Additional requirements of the managing board:
As indicated in the 'How does it work?’ section and in the code of conduct, please make sure that:
-Data are available to readers, either in the text or through an open data repository such as Zenodo (free), Dryad or some other institutional repository. Data must be reusable, thus metadata or accompanying text must carefully describe the data.
-Details on quantitative analyses (e.g., data treatment and statistical scripts in R, bioinformatic pipeline scripts, etc.) and details concerning simulations (scripts, codes) are available to readers in the text, as appendices, or through an open data repository, such as Zenodo, Dryad or some other institutional repository. The scripts or codes must be carefully described so that they can be reused.

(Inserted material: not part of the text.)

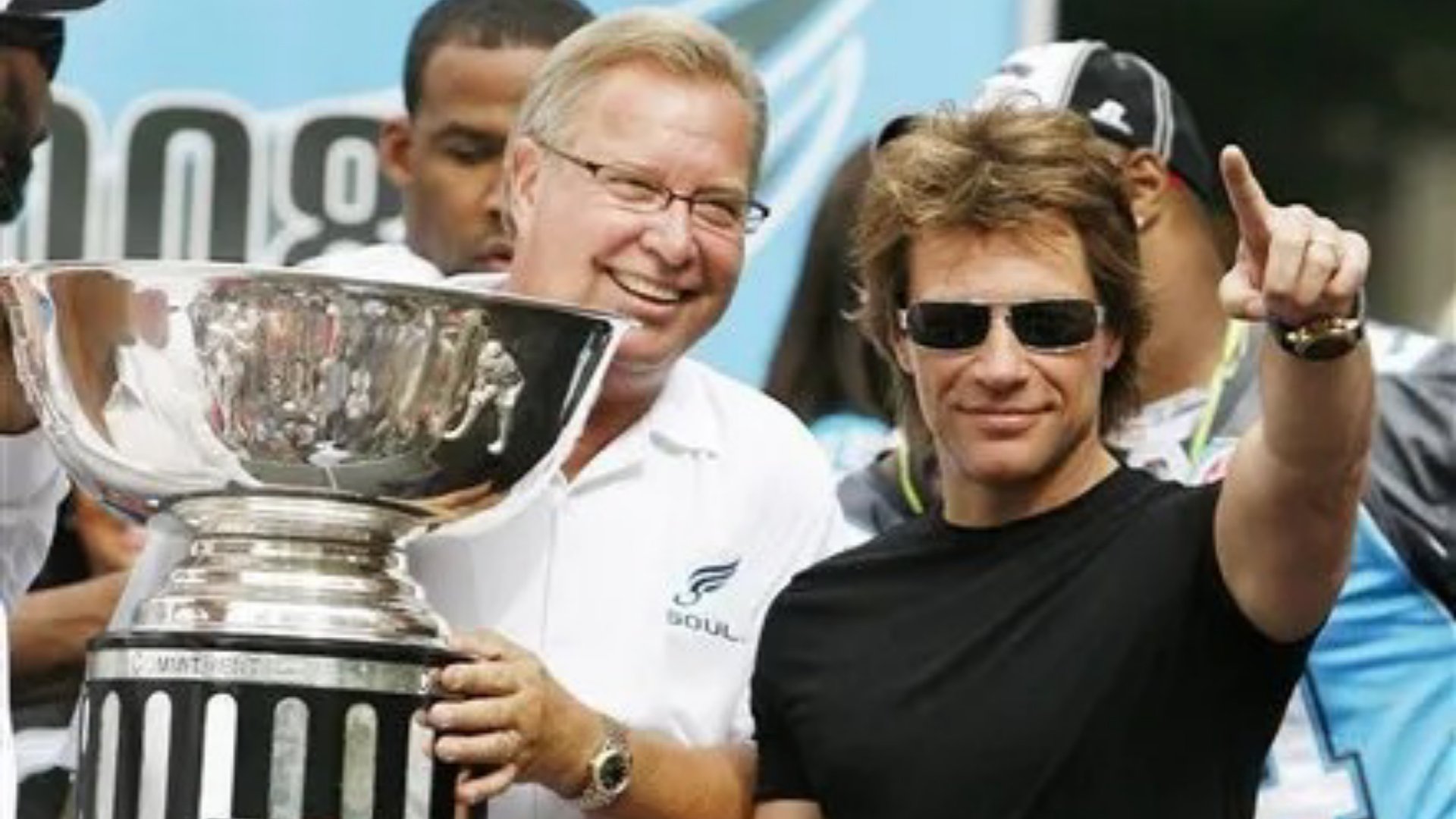 6. Jon Bon Jovi - Philadelphia Soul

-Details on experimental procedures are available to readers in the text or as appendices.
-Authors have no financial conflict of interest relating to the article. The article must contain a "Conflict of interest disclosure" paragraph before the reference section containing this sentence: "The authors of this preprint declare that they have no financial conflict of interest with the content of this article." If appropriate, this disclosure may be completed by a sentence indicating that some of the authors are PCI recommenders: “XXX is one of the PCI XXX recommenders.”